Wow. Now, you know, speaking of increasing aging related to other animals, that reminds me of another thing Dr. Ray Peet taught me. He pointed out the naked mole rats. They are very similar to regular rodents, but regular rodents have a few years to live, whereas these naked mole rats can live to be 30, 40 years old. And what they do differently is they block off oxygen. Yeah, it may be that way.
They use metabolism also, like you were saying, going to the mountains. Instead, they go underground. So is the idea in general to prevent and to create, is the theory to...
to increase metabolism overall from the body or is it to target the metabolism selectively of these dysfunctional cancer cells or both? What's the big picture here?
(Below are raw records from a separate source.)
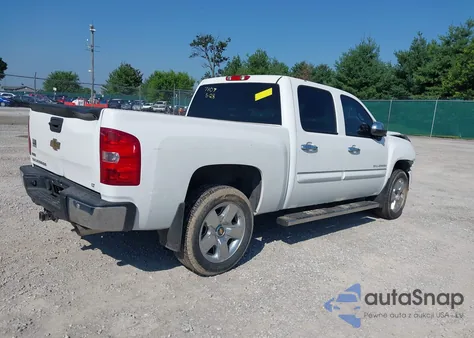 2011 Chevrolet Silverado 1500 Lt from USA, damaged, VIN 3GCPCSE09BG387107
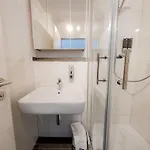 Appartamento Come4stay - Modern - Parkplatz By Interhome *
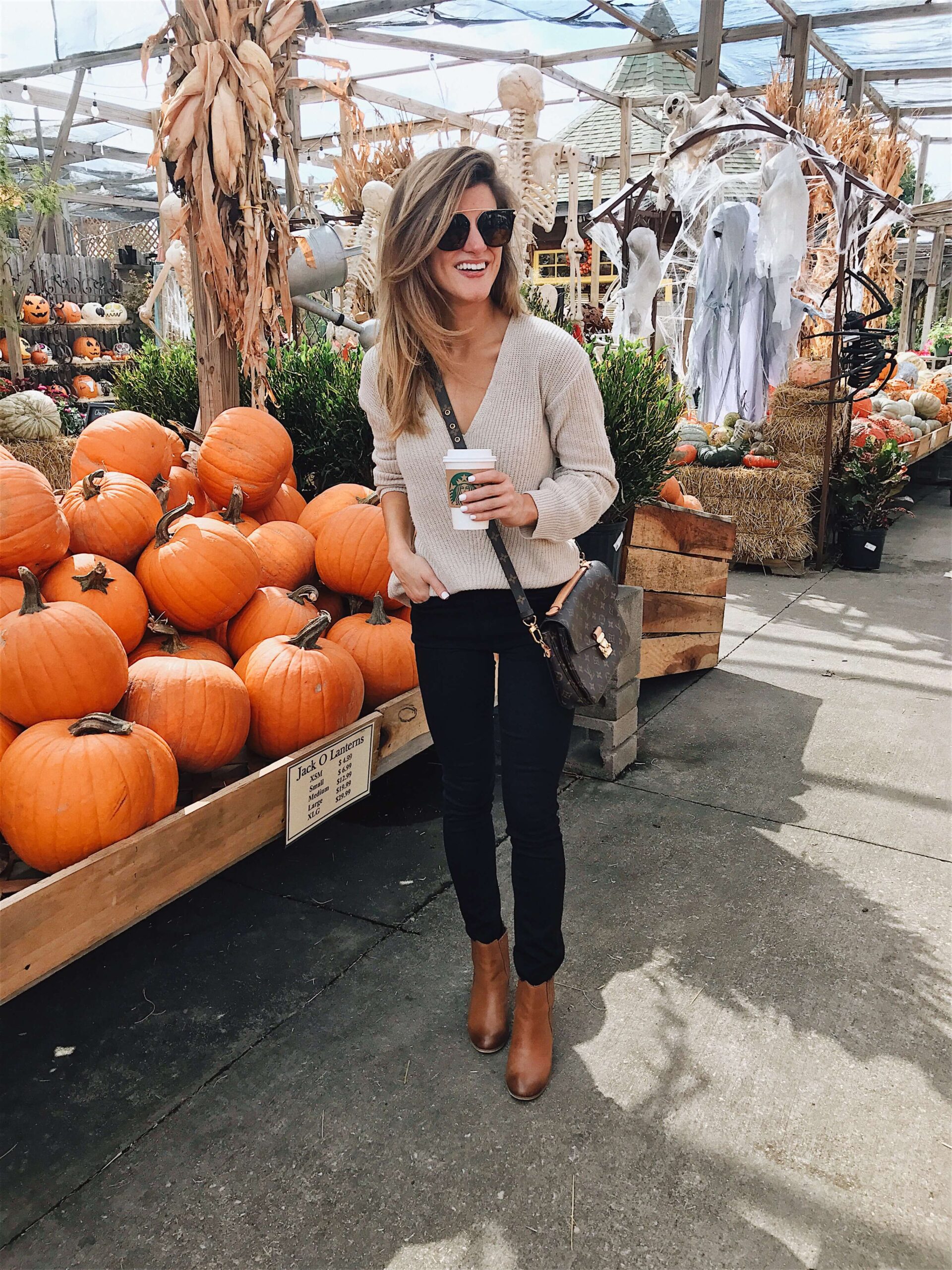 Brown Ankle Boots Cream V-Neck Sweater with Black Skinny Jeans Brown Ankle Boots Cream V-Neck Sweater with Black Skinny Jeans — Sweater Outfits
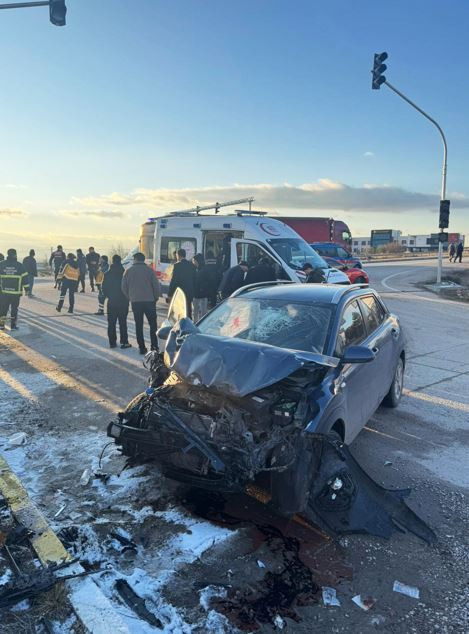 &Ouml;ğrenci servis minib&uuml;s&uuml; ile otomobil ile &ccedil;arpıştı: 9 yaralı - Resim : 2
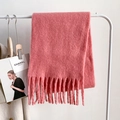 Dettaglio di sciarpa rosa in simil-cashmere con frange spesse su gruccia bianca - Rosa Acqua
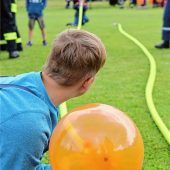 Jungfeuerwehrler gehen beim Wettkampf auf dem Schlauch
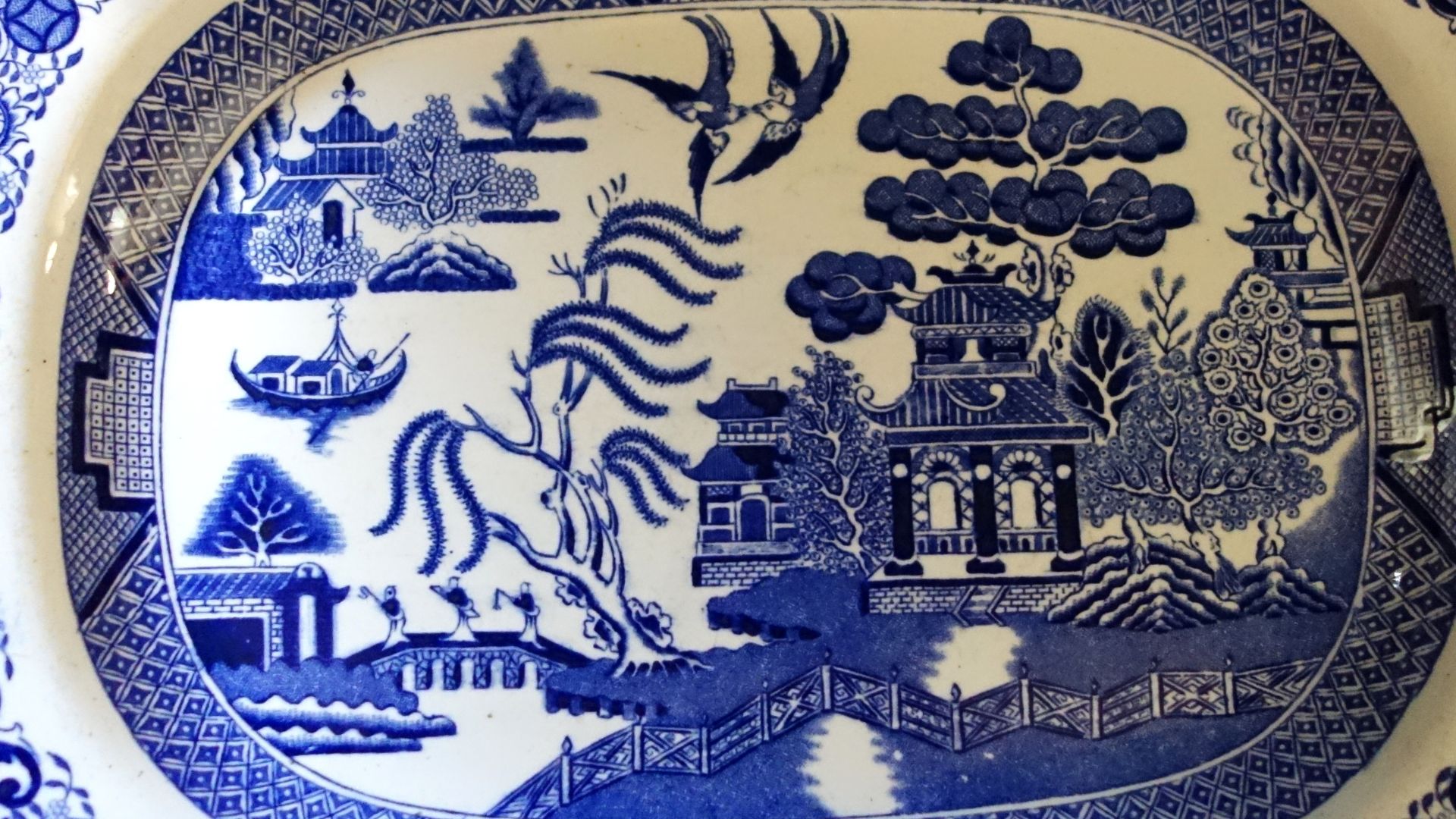 File:Willow ware - Longfellow National Historic Site - DSC04843.JPG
That's why people say exercise is good for you because it essentially increases the metabolism of the body, the muscles, and then the cancer cells, it's sort of a balance. So then if you increase the ability of the body to make more ATP and become more oxidative,
then it leaves less free food for the cancer cells. The other way, which is easier, you know, it takes a lot of hard work and dedication to do the exercise. The other way is to essentially attack the mitochondria in the cancer cells. But both would work, essentially pumping up ATP production in the normal cells or inhibiting the mitochondria in the cancer cells. They would
be predicted to have the same net effect, which is to nullify the cancer cells. I mentioned this briefly before, but a student of Ray Peet, Georgie Dinkoff, who's a friend of mine, I recently had him on my show. He did a study in rat models using the J-E-K-1 human mantle cell lymphoma, which is highly lethal cancer, and he used
Vitamin B1, which is thiamine. Vitamin B3, which is niacinamide. Vitamin B7, biotin, aspirin. And he gave them a single daily oral dose. And these B vitamins, the idea...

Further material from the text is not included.